YOUR SOLIN GENERATED RECIPE
Silky Vanilla Protein Cheesecake with Cottage Cheese
Blended cottage cheese and Greek yogurt cheesecake flavored with vanilla bean and protein, chilled on a light graham cracker crust for a velvety finish.
INGREDIENTS
1 cup Low Fat Cottage Cheese
0.5 cup Nonfat Plain Greek Yogurt
1 scoop Vanilla Whey Protein Powder
4 tablespoons Graham Cracker Crumbs
1 teaspoon Unflavored Gelatin
1 tablespoon Honey
1 teaspoon Vanilla Extract
PREPARATION
Place the cottage cheese in a high-speed blender and process until completely smooth and creamy with no remaining curds.
Add the Greek yogurt, vanilla protein powder, honey, and vanilla extract to the blender and pulse until well combined.

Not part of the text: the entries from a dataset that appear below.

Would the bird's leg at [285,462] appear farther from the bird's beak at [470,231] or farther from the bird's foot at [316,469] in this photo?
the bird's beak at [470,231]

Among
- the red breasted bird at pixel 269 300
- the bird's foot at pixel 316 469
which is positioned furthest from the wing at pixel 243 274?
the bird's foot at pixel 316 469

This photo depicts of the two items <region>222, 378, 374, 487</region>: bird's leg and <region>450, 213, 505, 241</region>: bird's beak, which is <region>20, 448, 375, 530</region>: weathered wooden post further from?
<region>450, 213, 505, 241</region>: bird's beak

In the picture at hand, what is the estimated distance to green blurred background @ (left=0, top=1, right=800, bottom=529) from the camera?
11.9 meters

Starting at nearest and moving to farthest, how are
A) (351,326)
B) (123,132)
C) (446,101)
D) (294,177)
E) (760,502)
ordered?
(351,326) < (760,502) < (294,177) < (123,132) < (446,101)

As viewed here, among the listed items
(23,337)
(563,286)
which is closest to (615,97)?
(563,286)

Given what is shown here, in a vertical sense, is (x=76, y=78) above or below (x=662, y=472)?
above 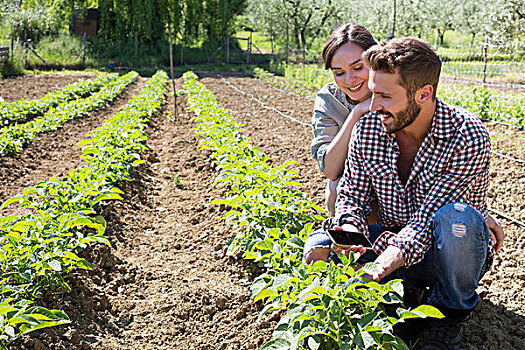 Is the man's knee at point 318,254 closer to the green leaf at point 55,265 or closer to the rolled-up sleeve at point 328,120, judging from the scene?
the rolled-up sleeve at point 328,120

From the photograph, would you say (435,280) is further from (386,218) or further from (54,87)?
(54,87)

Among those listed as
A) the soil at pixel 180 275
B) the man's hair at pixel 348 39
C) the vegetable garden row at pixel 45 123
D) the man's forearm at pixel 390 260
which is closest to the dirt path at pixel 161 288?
the soil at pixel 180 275

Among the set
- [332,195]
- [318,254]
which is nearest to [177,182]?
[332,195]

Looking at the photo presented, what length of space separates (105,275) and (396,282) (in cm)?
211

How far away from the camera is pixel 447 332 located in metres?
2.12

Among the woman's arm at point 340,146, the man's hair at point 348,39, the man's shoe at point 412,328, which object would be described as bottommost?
the man's shoe at point 412,328

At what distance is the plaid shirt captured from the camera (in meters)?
2.14

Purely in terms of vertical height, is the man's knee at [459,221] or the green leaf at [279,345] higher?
the man's knee at [459,221]

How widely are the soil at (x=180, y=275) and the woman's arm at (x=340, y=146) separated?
869 millimetres

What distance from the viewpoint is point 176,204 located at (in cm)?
481

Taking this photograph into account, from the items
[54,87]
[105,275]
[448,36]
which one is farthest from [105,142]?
[448,36]

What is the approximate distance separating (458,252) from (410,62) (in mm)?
792

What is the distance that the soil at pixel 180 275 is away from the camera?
8.48ft

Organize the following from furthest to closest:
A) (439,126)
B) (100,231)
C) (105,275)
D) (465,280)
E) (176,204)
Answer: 1. (176,204)
2. (105,275)
3. (100,231)
4. (439,126)
5. (465,280) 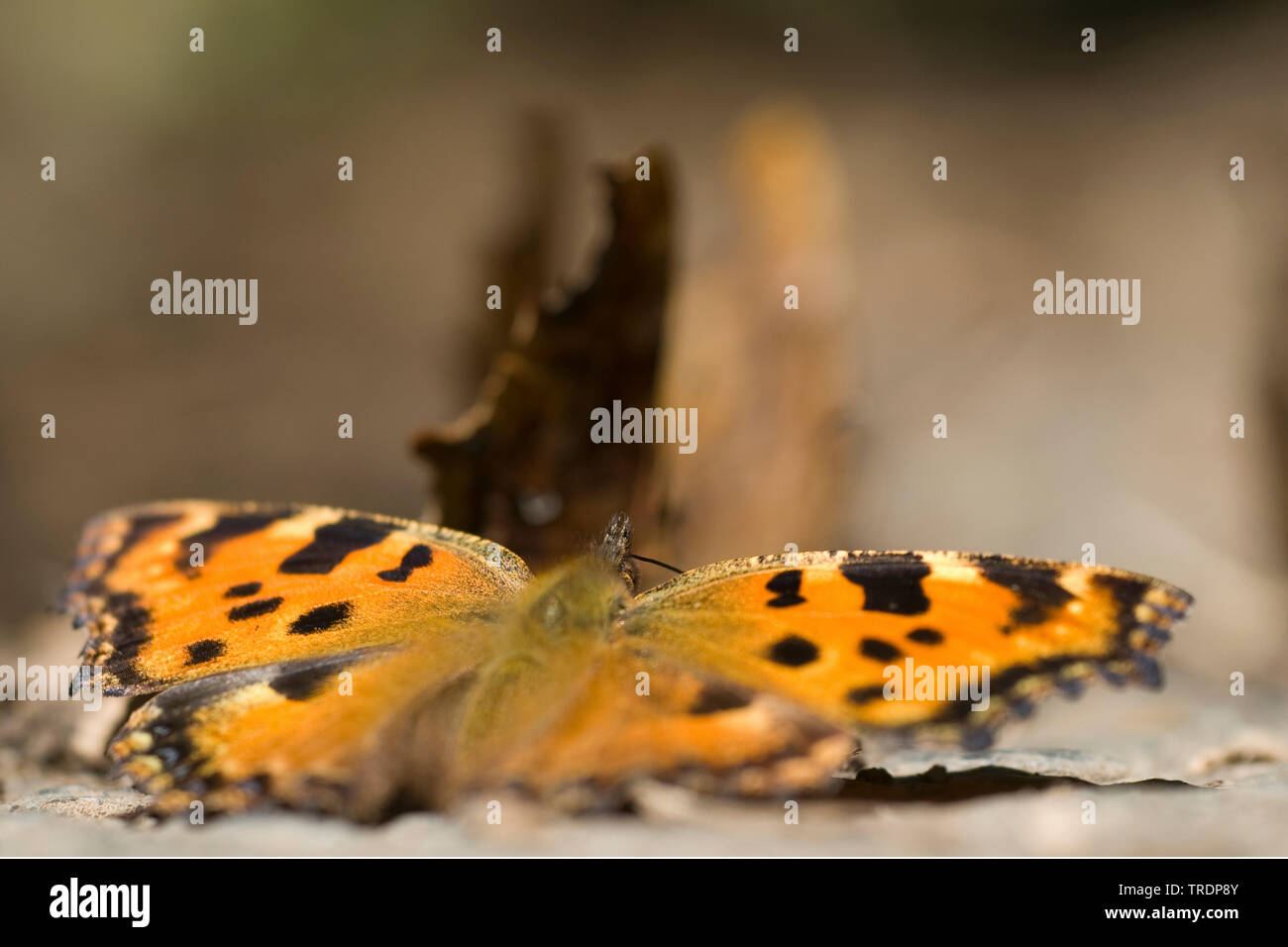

In a small bowl, dissolve the unflavored gelatin in two tablespoons of boiling water, stirring vigorously until clear.
Pour the dissolved gelatin into the blender and pulse one last time to incorporate thoroughly.
Lightly press the graham cracker crumbs into the bottom of a small ramekin or glass dish to form an even crust.
Pour the cheesecake mixture over the crust and smooth the top with a spatula.
Refrigerate for at least 3 to 4 hours, or until the cheesecake is firm and set.
Serve chilled directly from the dish.